Search the records below for the string "Nuovo", and report each line that contains it.
-------- ENTRIES SUPPLIED --------
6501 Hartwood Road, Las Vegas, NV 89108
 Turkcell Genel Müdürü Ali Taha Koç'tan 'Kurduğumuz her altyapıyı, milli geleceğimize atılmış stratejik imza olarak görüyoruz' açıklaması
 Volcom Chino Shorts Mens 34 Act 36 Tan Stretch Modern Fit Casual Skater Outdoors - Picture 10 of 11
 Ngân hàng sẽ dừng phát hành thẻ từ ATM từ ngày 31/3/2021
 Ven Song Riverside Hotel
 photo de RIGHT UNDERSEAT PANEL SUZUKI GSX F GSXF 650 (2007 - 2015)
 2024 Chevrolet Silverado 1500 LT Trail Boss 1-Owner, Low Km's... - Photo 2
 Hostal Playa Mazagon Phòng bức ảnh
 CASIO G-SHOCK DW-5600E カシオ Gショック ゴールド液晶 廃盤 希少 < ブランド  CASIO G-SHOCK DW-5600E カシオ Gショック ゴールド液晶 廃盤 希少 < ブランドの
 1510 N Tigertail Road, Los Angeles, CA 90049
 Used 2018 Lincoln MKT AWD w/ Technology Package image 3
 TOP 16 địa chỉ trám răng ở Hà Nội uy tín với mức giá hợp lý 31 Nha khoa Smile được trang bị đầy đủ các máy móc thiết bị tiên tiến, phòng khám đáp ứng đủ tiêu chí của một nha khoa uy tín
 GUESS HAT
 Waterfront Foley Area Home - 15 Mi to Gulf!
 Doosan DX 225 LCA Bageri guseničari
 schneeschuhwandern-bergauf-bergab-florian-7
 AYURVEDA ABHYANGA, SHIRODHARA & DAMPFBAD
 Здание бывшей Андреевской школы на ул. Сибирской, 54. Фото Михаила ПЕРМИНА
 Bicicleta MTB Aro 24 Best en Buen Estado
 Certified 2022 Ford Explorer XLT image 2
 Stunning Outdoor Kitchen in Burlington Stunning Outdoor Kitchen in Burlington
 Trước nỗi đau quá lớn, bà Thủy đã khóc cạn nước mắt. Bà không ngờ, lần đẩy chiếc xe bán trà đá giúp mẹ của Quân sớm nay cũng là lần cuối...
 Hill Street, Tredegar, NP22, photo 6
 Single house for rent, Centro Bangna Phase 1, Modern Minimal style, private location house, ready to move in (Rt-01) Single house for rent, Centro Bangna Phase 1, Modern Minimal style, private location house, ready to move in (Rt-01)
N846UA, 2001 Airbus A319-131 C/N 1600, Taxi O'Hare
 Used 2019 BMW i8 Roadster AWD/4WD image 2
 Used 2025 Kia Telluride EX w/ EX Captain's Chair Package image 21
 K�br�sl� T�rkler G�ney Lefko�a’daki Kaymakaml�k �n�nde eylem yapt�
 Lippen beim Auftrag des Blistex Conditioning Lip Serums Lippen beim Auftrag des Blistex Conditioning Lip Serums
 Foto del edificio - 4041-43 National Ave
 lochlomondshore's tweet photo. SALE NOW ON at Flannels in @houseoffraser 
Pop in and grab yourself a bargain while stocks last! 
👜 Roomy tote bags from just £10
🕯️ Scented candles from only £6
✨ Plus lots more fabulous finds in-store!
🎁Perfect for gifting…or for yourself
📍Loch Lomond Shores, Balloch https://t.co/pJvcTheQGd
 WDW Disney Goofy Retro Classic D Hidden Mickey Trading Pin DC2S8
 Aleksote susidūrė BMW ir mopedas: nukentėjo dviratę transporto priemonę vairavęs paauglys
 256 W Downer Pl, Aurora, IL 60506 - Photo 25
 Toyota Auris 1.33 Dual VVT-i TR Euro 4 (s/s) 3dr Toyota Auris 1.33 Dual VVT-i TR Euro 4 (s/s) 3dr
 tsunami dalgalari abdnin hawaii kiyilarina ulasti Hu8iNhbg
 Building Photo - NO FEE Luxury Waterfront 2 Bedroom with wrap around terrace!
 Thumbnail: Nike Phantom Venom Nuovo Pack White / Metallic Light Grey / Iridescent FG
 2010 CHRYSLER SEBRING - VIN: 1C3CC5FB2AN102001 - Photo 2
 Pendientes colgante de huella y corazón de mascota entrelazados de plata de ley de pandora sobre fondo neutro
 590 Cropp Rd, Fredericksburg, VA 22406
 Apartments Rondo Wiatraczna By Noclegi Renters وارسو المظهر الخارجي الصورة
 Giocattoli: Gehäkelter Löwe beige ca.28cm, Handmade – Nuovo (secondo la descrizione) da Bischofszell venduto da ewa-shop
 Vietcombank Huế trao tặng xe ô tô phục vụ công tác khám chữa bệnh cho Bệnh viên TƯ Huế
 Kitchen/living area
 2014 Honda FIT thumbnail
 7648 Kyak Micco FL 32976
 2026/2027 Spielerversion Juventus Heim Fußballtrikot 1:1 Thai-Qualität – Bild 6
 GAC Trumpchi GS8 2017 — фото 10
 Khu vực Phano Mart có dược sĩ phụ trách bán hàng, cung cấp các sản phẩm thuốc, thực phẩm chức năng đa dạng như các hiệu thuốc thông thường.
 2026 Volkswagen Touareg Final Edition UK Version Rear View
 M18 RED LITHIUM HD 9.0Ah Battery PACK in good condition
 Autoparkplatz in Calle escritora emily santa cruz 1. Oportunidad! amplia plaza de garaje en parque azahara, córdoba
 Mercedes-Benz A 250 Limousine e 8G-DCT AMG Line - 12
--------
ANSWER TO THIS EXERCISE:
 Thumbnail: Nike Phantom Venom Nuovo Pack White / Metallic Light Grey / Iridescent FG
 Giocattoli: Gehäkelter Löwe beige ca.28cm, Handmade – Nuovo (secondo la descrizione) da Bischofszell venduto da ewa-shop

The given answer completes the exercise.